**YOUR OBJECTIVE:**
In your copy, leave out the pictures; write out all the data exactly.

**SOURCE INFORMATION:**

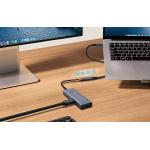 Cablu extender pentru transfer de date Baseus High Definition, USB-C tata la USB-C mama, 4K, 60Hz, 100W, 10Gbps, 1m, Negru 10 - lerato.ro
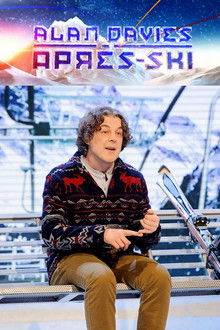 Alan Davies Après-Ski poster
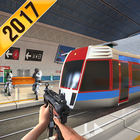 SHOOTER: TRAIN COMMANDO 2017 icône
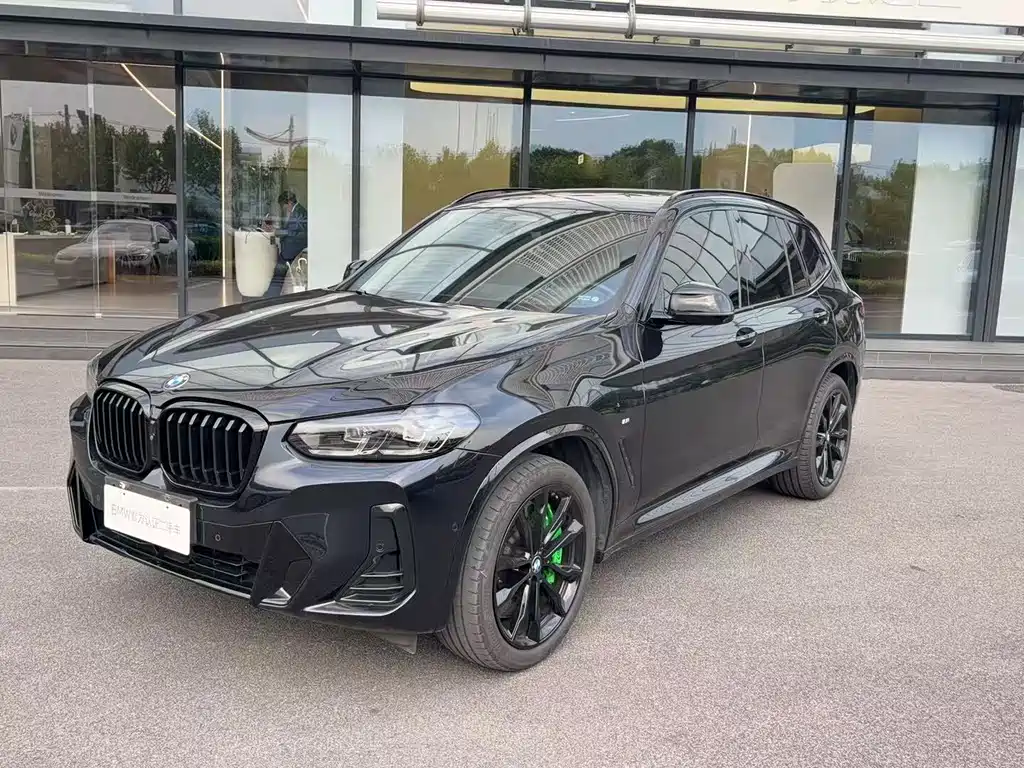 BMW X3 2023 — фото 1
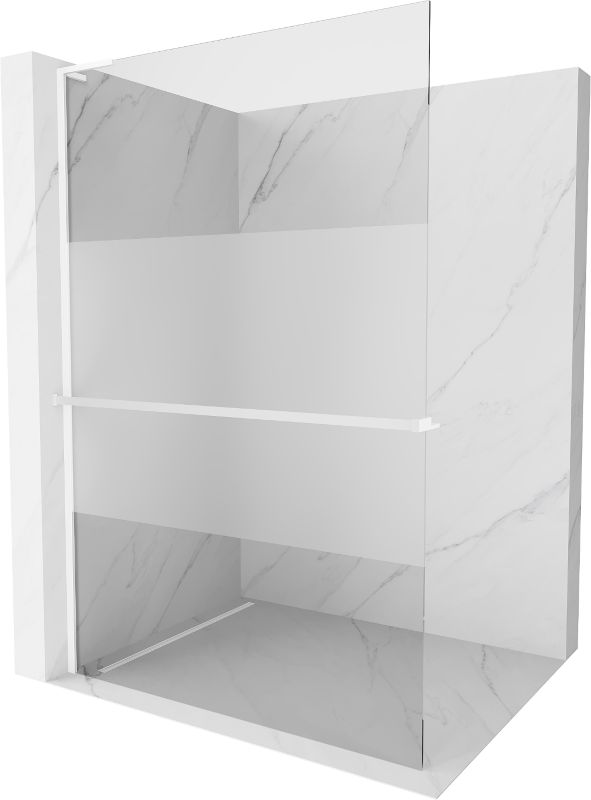 Ścianka prysznicowa Mexen Kioto+ L szron/transparent 80 x 200 cm 800-080-123-20-35 1 szt.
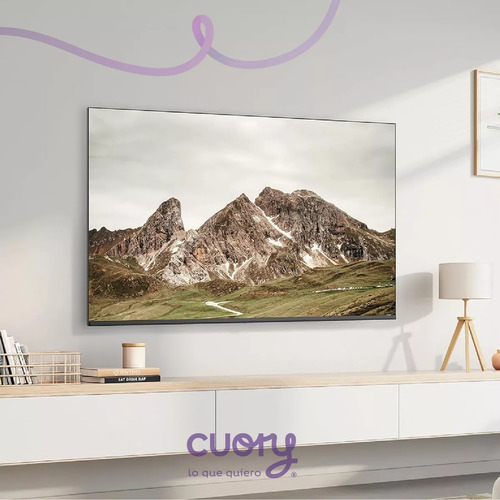 Smart Tv Pantalla 55 Pulgadas Cuory Google Tv 4k Uhd Dled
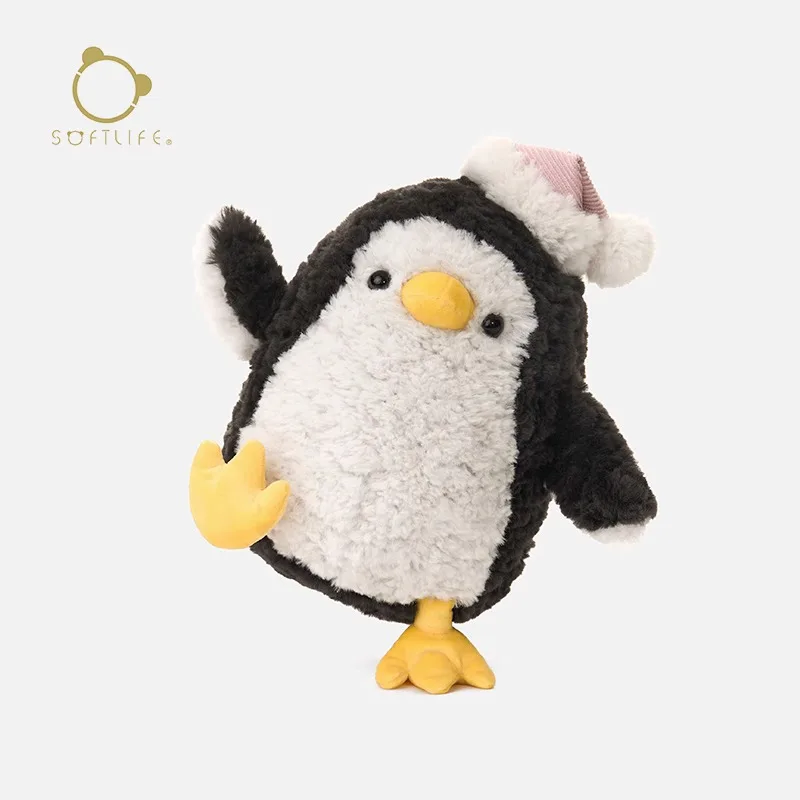 

Игрушка плюшевая в виде пингвина, 32 см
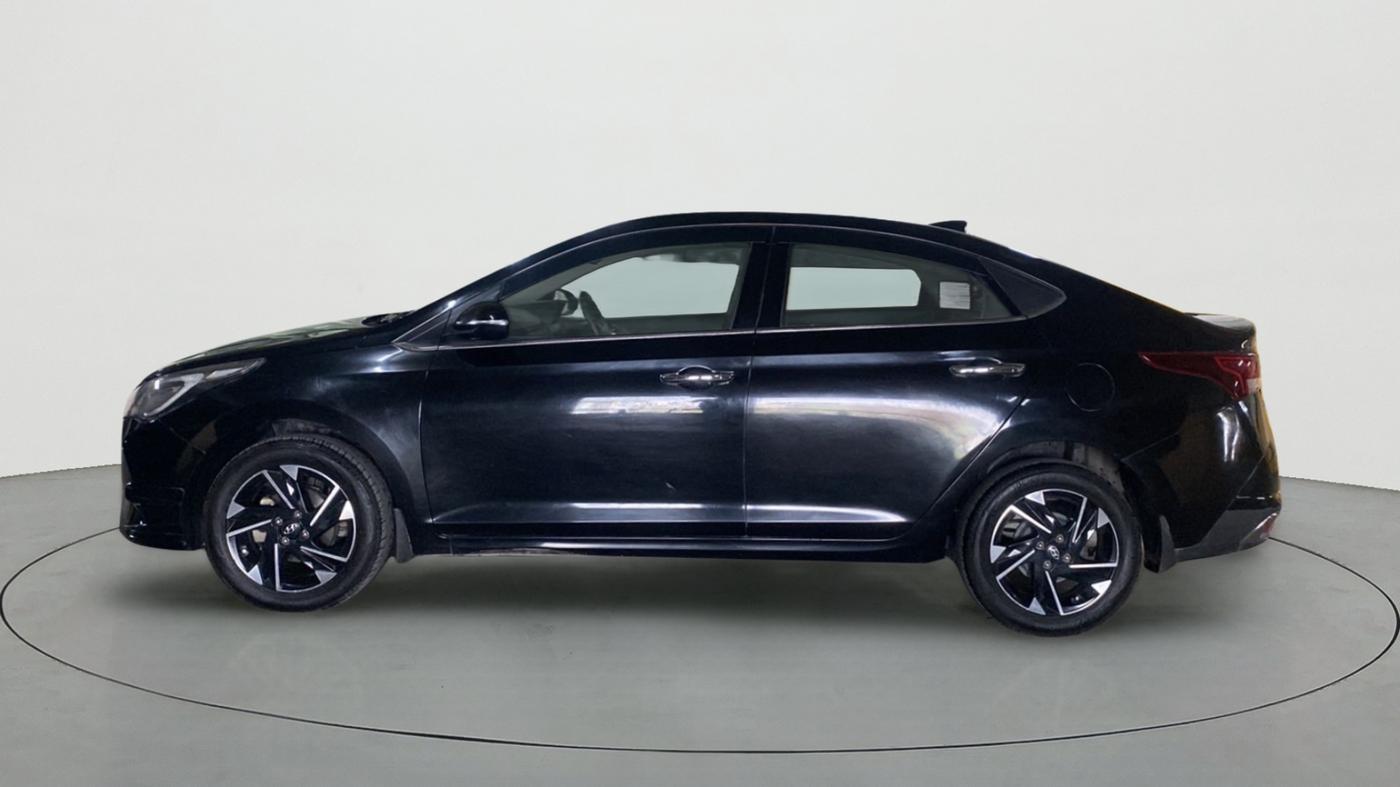 2021 Hyundai Verna SX (O)1.5 VTVT, Petrol, Manual, 77,724 km, Left Side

**OUTPUT FOR THIS TASK:**
 Cablu extender pentru transfer de date Baseus High Definition, USB-C tata la USB-C mama, 4K, 60Hz, 100W, 10Gbps, 1m, Negru 10 - lerato.ro
 Alan Davies Après-Ski poster
 SHOOTER: TRAIN COMMANDO 2017 icône
 BMW X3 2023 — фото 1
 Ścianka prysznicowa Mexen Kioto+ L szron/transparent 80 x 200 cm 800-080-123-20-35 1 szt.
 Smart Tv Pantalla 55 Pulgadas Cuory Google Tv 4k Uhd Dled

Игрушка плюшевая в виде пингвина, 32 см
 2021 Hyundai Verna SX (O)1.5 VTVT, Petrol, Manual, 77,724 km, Left Side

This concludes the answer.